PRETORIA, South Africa - Four gorillas at the center of a five-year international tussle will finally return to Cameroon at the end of November, the South African government said Friday.
The Western Lowland Gorillas, known as the Taiping Four, were illegally smuggled as young animals to Taiping Zoo in Malaysia, via South Africa, using forged documents in 2002.
The Malaysian government sent them back to South Africa in 2004 when they discovered the gorillas were shipped illegally, and they have since been kept at Pretoria's zoo.
Although the circumstances of the gorillas' capture as infants remain uncertain, they were probably victims of the bush meat trade. Typically adult gorillas are killed for meat and their young taken to sell. At least four out of five infants die before they get proper help.
Animal welfare activists have long campaigned for them to be returned to Cameroon but South African zoo officials had claimed that under international law they should remain where they were.

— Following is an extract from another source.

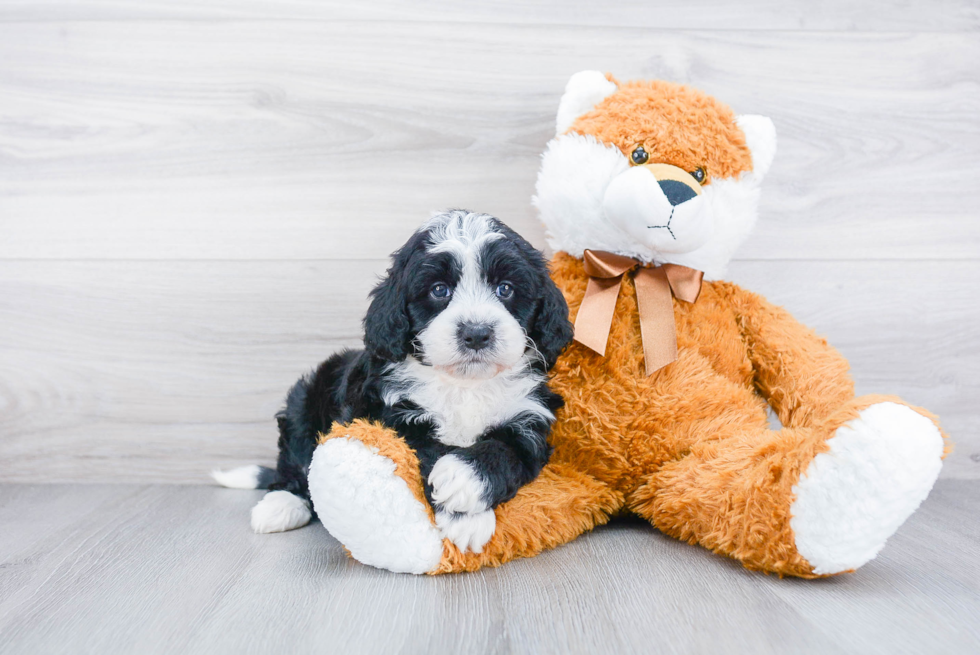 Mini Bernedoodle Puppy for Adoption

But at a ceremony Friday, government officials said the animals would be returned to Cameroon in the week beginning Nov. 28.

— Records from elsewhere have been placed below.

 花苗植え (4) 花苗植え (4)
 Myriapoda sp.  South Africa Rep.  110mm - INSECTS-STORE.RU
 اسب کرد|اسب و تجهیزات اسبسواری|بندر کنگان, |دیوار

The animals will be sent to Cameroon's Limbe Wildlife Center sanctuary, which has a good record in caring for orphaned gorillas, at the start of the dry season, giving them the best opportunity to adapt to their new home. Gorilla keepers from Limbe and Pretoria will work together to settle them into their new home.
Gorillas are protected from capture, killing or export under the Convention on International Trade in Endangered Species. Experts believe that fewer than 100,000 gorillas remain in the wild in West Africa.